• _Work to be completed_
Set down the entries below exactly; drop the pictures.

Data excerpts:
*** Begin section ***
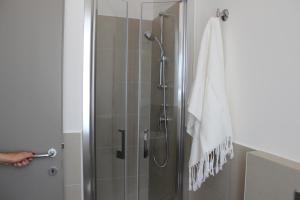 a shower in a bathroom with a glass door at SulMare Alba Adriatica in Alba Adriatica +71 photos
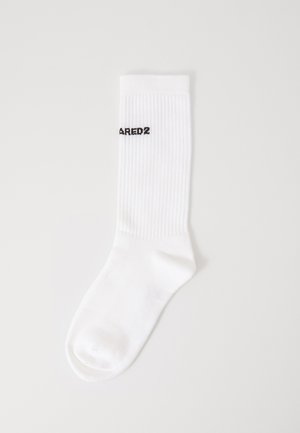 Chaussette en coton blanc présentant une texture côtelée, un bout rond et le texte "AREDZ2" brodé en noir près du haut.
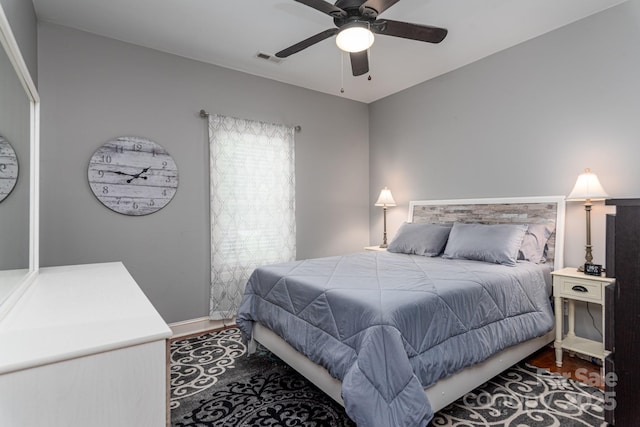 bedroom with wood finished floors, baseboards, and ceiling fan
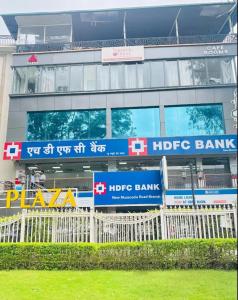 a building with a hride bank sign in front of it at Nirvana Bliss By Cosy Homes, Malsi in Dehradun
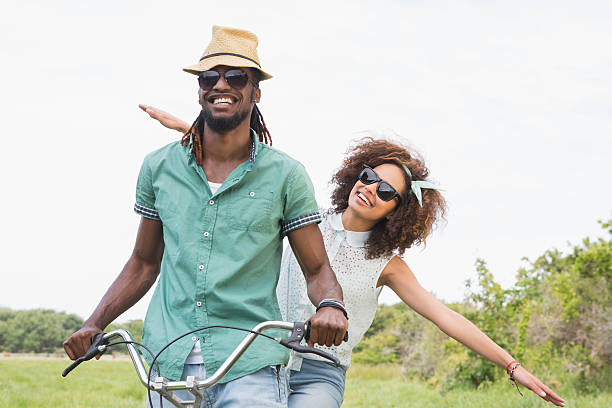 istock Young couple on a bike ride 471258620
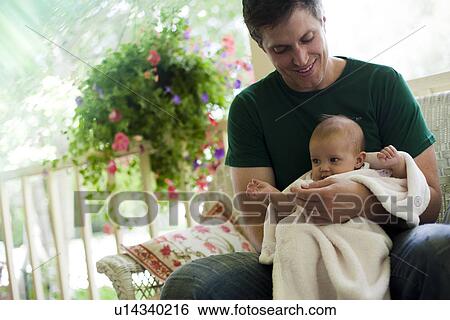 Father sitting on porch with his baby daughter View Large Photo Image Stock Photograph - Father sitting on porch with his baby daughter. Fotosearch
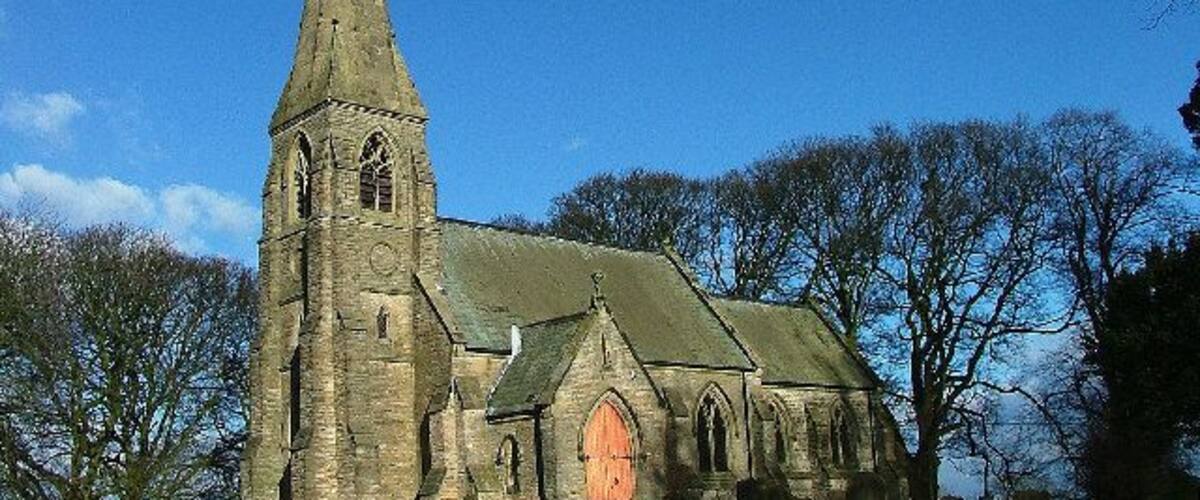 A historic church with a tall spire and a large arched entrance.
*** End section ***
• _Written solution_
 a shower in a bathroom with a glass door at SulMare Alba Adriatica in Alba Adriatica +71 photos
 Chaussette en coton blanc présentant une texture côtelée, un bout rond et le texte "AREDZ2" brodé en noir près du haut.
 bedroom with wood finished floors, baseboards, and ceiling fan
 a building with a hride bank sign in front of it at Nirvana Bliss By Cosy Homes, Malsi in Dehradun
 istock Young couple on a bike ride 471258620
 Father sitting on porch with his baby daughter View Large Photo Image Stock Photograph - Father sitting on porch with his baby daughter. Fotosearch
 A historic church with a tall spire and a large arched entrance.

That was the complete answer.